Collaboration is permitted only at the "whiteboard level". You may discuss general approaches and algorithms, including high-level pseudocode. You should not share code or line-by-line level pseudocode with other students.
Do not turn in code you found on the web. I also use github and StackOverflow...
There are no group projects in this class.
Class Policies
- Official communication is by email: We use piazza for discussions, but it is not an official communications channel. All official communications to you will be sent via t-square to your official GT email address. Similarly, you should communicate important items to us by email as well.
- Student responsibilities: Be aware of the deadlines posted on the schedule. Read your GT email every day. Start work on projects when they are announced, even if they are not open on t-square.

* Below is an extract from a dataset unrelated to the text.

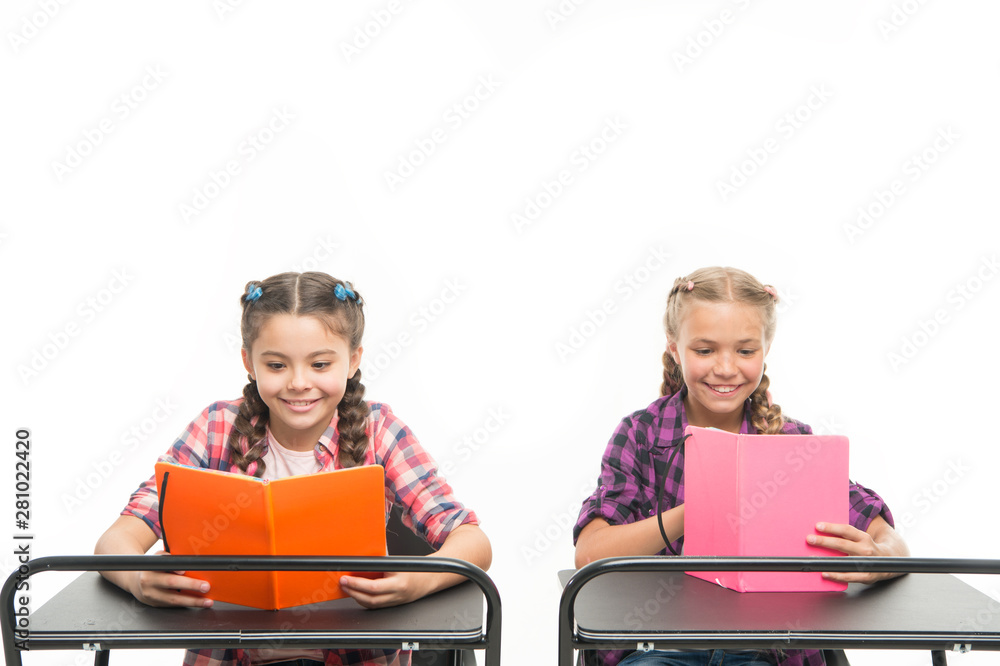Reading opens doors. Small children reading books isolated on white. Adorable little girls learn reading at primary school. Cute pupils acquiring the basic knowledge and skills such as reading Reading opens doors. Small children reading books isolated on white. Adorable little girls learn reading at primary school. Cute pupils acquiring the basic knowledge and skills such as reading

- Grade contest period: After a project grade is released you have 7 days to contest the grade. After that time projects will not be reevaluated. You must have a very specific issue with a compelling argument as to why your grade is incorrect. Example compelling argument: "The TA took 10 points off because I was missing a chart, but the chart is visible on page 5." Example not compelling argument: "I think I should have gotten more points, please regrade my project."
- Grade contest process: you must contact your grading TA via e-mail to contest a grade. Your TA will promptly let you know that your request has been received, but the resolution may take some time. Your assignment will be completely re-evaluated and your revised grade could be higher or lower. For auto-graded code assignments, if the TA corrects errors in your code or submission to make it run properly, you will be penalized a minimum of 10 points per error. For reports, only grading errors by the TA may be contested.
- Late policy: Assignments are due at 11:55PM Eastern Time on the assignment due date. Assignments turned in after 11:55PM are considered late. Assignments may be turned in up to three days late with a 10% penalty per day (1m - 23h59m late == one "day" late, etc). Assignments more than 72 hours late will not be accepted. There is no grace period for assignments already three days late.
- Exam scheduling: Exams will be held on specific days at specific times. If there is an emergency or other issue that requires changing the date of an exam for you, you will need to have it approved by the Dean of Students. You can apply for that here: http://www.deanofstudents.gatech.edu (under Resources -> Class Absences)